▶ **REQUIREMENT**
The expected output is every entry, repeated exactly.

▶ **RECORDS SUPPLIED**
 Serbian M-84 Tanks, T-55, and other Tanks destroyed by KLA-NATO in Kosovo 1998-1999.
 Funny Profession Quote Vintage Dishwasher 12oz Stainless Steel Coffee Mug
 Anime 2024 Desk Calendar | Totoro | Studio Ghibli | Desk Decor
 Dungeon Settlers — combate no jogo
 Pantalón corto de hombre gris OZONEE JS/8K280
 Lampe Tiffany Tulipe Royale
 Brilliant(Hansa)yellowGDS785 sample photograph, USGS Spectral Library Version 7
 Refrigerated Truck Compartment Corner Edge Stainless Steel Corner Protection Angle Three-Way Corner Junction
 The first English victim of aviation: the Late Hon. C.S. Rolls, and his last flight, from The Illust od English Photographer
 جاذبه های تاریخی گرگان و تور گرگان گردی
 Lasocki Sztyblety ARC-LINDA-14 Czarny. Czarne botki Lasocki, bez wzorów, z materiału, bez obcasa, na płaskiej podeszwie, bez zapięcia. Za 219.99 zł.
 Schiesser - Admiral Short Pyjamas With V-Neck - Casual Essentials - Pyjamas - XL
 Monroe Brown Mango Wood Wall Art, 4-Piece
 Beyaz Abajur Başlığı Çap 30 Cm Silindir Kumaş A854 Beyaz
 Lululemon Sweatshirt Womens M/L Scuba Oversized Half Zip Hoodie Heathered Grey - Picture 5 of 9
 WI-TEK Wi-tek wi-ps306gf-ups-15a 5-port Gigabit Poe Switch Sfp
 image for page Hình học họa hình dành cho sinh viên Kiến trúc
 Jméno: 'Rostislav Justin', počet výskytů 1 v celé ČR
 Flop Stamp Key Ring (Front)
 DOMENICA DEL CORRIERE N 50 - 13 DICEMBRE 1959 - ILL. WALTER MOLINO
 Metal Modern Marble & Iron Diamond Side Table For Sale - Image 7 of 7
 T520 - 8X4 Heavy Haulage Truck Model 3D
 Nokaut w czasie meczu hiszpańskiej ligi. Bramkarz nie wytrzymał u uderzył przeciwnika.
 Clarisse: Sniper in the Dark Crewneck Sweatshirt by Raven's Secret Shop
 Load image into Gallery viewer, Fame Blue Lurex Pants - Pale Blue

▶ **OUTPUT FOR THIS EXERCISE**
 Serbian M-84 Tanks, T-55, and other Tanks destroyed by KLA-NATO in Kosovo 1998-1999.
 Funny Profession Quote Vintage Dishwasher 12oz Stainless Steel Coffee Mug
 Anime 2024 Desk Calendar | Totoro | Studio Ghibli | Desk Decor
 Dungeon Settlers — combate no jogo
 Pantalón corto de hombre gris OZONEE JS/8K280
 Lampe Tiffany Tulipe Royale
 Brilliant(Hansa)yellowGDS785 sample photograph, USGS Spectral Library Version 7
 Refrigerated Truck Compartment Corner Edge Stainless Steel Corner Protection Angle Three-Way Corner Junction
 The first English victim of aviation: the Late Hon. C.S. Rolls, and his last flight, from The Illust od English Photographer
 جاذبه های تاریخی گرگان و تور گرگان گردی
 Lasocki Sztyblety ARC-LINDA-14 Czarny. Czarne botki Lasocki, bez wzorów, z materiału, bez obcasa, na płaskiej podeszwie, bez zapięcia. Za 219.99 zł.
 Schiesser - Admiral Short Pyjamas With V-Neck - Casual Essentials - Pyjamas - XL
 Monroe Brown Mango Wood Wall Art, 4-Piece
 Beyaz Abajur Başlığı Çap 30 Cm Silindir Kumaş A854 Beyaz
 Lululemon Sweatshirt Womens M/L Scuba Oversized Half Zip Hoodie Heathered Grey - Picture 5 of 9
 WI-TEK Wi-tek wi-ps306gf-ups-15a 5-port Gigabit Poe Switch Sfp
 image for page Hình học họa hình dành cho sinh viên Kiến trúc
 Jméno: 'Rostislav Justin', počet výskytů 1 v celé ČR
 Flop Stamp Key Ring (Front)
 DOMENICA DEL CORRIERE N 50 - 13 DICEMBRE 1959 - ILL. WALTER MOLINO
 Metal Modern Marble & Iron Diamond Side Table For Sale - Image 7 of 7
 T520 - 8X4 Heavy Haulage Truck Model 3D
 Nokaut w czasie meczu hiszpańskiej ligi. Bramkarz nie wytrzymał u uderzył przeciwnika.
 Clarisse: Sniper in the Dark Crewneck Sweatshirt by Raven's Secret Shop
 Load image into Gallery viewer, Fame Blue Lurex Pants - Pale Blue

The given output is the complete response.